Вопросъ поэтому, нужны ли какiе–нибудь законы, которые обезпечивали бы автору его литературную собственность, — будетъ вопросомъ о гарантiи труду плодовъ, результатовъ его. Полагаемъ, что при всевозможномъ измѣненiи условiй общественной жизни, покуда общество на трудѣ будетъ основывать свое благосостоянiе, всегда будетъ необходимость обезпечить человѣку вознагражденiе за его трудъ. Съ точки зрѣнiя нашего автора, этого кажется не должно быть. По его принципу литературный трудъ оканчивается такимъ производствомъ, которое не можетъ ни въ какомъ случаѣ принадлежать самому автору; все въ немъ прямо или непрямо заимствовано авторомъ отъ общества, среди котораго онъ живетъ.
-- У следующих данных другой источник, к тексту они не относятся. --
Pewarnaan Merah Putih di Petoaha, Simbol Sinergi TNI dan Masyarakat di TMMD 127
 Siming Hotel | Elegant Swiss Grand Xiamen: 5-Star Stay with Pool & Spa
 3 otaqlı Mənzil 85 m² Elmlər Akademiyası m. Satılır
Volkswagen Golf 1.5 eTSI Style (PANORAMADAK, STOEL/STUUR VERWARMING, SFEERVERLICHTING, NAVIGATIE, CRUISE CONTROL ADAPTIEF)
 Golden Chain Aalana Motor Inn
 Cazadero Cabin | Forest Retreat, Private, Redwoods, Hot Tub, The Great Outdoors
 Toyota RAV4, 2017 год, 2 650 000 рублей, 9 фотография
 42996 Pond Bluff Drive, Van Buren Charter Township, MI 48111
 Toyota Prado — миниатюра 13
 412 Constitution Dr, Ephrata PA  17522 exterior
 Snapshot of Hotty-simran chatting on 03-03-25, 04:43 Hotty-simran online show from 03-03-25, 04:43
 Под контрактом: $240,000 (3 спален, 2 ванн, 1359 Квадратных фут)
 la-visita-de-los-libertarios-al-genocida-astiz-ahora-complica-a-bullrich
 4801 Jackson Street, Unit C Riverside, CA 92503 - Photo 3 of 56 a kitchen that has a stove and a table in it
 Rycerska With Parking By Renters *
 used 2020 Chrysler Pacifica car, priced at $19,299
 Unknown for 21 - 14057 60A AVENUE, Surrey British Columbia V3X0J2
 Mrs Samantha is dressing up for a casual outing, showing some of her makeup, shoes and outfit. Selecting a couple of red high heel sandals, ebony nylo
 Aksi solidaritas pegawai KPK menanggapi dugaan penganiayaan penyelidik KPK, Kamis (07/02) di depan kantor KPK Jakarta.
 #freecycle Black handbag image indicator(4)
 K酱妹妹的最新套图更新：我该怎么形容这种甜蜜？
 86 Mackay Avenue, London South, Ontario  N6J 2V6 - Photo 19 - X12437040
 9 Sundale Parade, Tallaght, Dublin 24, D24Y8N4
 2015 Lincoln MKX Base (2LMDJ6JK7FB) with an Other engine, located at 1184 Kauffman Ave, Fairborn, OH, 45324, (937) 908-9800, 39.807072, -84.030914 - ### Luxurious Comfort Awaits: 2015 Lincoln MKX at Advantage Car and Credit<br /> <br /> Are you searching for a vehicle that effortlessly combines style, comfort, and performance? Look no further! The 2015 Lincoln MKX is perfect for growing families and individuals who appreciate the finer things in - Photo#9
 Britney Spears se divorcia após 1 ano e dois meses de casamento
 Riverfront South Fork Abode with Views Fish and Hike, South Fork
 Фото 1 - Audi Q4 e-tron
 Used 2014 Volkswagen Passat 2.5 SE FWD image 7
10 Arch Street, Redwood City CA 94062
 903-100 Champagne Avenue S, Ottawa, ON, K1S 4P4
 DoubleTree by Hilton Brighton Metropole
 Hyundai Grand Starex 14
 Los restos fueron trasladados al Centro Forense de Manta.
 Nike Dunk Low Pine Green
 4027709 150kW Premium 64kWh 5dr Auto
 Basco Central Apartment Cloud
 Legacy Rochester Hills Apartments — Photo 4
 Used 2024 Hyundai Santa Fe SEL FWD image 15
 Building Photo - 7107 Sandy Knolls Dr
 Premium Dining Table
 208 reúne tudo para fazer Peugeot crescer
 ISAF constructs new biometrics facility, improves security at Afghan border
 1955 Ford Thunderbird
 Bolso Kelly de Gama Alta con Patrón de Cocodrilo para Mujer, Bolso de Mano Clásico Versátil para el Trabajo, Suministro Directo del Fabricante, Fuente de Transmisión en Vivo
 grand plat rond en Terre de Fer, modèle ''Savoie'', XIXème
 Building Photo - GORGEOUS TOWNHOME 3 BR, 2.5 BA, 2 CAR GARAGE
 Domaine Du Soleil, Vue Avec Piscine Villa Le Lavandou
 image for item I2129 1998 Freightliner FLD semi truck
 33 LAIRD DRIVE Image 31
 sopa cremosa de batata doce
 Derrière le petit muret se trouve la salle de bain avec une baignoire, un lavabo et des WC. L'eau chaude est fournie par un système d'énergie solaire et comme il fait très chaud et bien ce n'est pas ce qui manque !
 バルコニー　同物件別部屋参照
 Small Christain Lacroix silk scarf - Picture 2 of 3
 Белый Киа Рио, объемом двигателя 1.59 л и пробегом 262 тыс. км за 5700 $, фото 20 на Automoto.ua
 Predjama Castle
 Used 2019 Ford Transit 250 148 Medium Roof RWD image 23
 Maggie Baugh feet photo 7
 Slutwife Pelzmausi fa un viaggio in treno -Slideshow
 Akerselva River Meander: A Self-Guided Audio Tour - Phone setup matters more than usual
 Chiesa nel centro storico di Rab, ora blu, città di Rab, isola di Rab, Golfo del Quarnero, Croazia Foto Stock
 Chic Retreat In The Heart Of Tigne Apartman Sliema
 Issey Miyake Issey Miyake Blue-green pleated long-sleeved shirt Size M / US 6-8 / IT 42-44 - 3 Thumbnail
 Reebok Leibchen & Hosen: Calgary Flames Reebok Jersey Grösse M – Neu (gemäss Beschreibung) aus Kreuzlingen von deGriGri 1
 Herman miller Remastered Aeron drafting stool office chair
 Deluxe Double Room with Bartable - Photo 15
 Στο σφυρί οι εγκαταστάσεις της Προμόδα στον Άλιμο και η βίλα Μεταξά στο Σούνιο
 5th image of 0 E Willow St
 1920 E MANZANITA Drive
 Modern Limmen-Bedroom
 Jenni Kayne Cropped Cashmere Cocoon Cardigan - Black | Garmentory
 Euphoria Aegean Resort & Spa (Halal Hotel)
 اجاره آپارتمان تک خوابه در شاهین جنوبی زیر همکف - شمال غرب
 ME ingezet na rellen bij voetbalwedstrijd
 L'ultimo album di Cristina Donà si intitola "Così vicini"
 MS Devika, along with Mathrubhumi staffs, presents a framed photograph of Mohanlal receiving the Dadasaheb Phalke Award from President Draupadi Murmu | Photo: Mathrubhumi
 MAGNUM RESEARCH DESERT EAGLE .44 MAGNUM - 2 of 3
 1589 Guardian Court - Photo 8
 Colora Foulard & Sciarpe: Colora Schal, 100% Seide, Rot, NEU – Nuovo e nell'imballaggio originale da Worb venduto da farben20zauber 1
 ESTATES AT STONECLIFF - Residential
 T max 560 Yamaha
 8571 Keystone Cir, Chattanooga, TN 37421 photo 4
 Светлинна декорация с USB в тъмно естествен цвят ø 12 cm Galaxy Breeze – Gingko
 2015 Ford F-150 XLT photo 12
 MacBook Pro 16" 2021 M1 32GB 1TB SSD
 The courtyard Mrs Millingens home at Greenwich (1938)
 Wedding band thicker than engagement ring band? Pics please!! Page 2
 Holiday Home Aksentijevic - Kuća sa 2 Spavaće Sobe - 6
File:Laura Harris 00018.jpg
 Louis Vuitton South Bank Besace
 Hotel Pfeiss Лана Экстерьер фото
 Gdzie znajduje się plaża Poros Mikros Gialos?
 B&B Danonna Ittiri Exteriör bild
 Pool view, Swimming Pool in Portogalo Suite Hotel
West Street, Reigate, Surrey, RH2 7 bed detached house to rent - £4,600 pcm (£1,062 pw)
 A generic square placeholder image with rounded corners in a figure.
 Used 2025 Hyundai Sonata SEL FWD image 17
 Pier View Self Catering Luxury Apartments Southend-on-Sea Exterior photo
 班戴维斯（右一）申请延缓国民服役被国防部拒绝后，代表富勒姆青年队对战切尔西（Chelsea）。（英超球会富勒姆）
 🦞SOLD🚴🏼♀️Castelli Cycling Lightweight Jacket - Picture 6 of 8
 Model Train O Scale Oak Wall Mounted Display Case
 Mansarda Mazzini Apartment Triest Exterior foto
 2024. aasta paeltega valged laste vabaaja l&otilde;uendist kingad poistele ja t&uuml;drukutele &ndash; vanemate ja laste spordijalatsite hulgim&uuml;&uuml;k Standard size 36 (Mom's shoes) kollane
На человѣка въ этомъ случаѣ онъ смотритъ какъ на какое–то слѣпое орудiе дѣйствующихъ на него силъ. Въ локомотивѣ дѣйствуетъ паръ на разныя комбинацiи рычаговъ и приводитъ въ движенiе его колеса, съ ними движется цѣлый поѣздъ. Но никто не думаетъ же хвалить и ставить въ личную заслугу локомотиву то обстоятельство, что онъ движется и тащитъ за собой вагоны; движется онъ потому, что не можетъ недвигаться, когда давленiе пара вертитъ его колеса. Подобный взглядъ нашъ авторъ перенесъ и на человѣка. Литераторъ пишетъ статью, но матерьялы для нея онъ беретъ извнѣ; то, о чемъ онъ говоритъ въ ней, возбуждено въ немъ окружающими его предметами, и пишетъ–то онъ потому, что не можетъ не писать, коль скоро родилась въ немъ потребность высказаться, подѣлиться даровыми впѣчатленiями. Отсюда выходитъ, что литераторъ своего–то ничего не производитъ, собственности значитъ у него нѣтъ, и платить ergo ему незачто. Мы жалѣемъ, что авторъ не справился въ новой, какъ–видно извѣстной ему наукѣ общественныхъ отношенiй и не посмотрѣлъ, къ какой категорiи труда относится литературный трудъ и за что собственно литераторъ имѣетъ право на вознагражденiе, какъ и всякiй другой труженикъ. Тогда онъ не сталъ бы отрицать у труда право на вознагражденiе и не сталъ бы сводить трудъ на одну доску съ искуствомъ для искуства.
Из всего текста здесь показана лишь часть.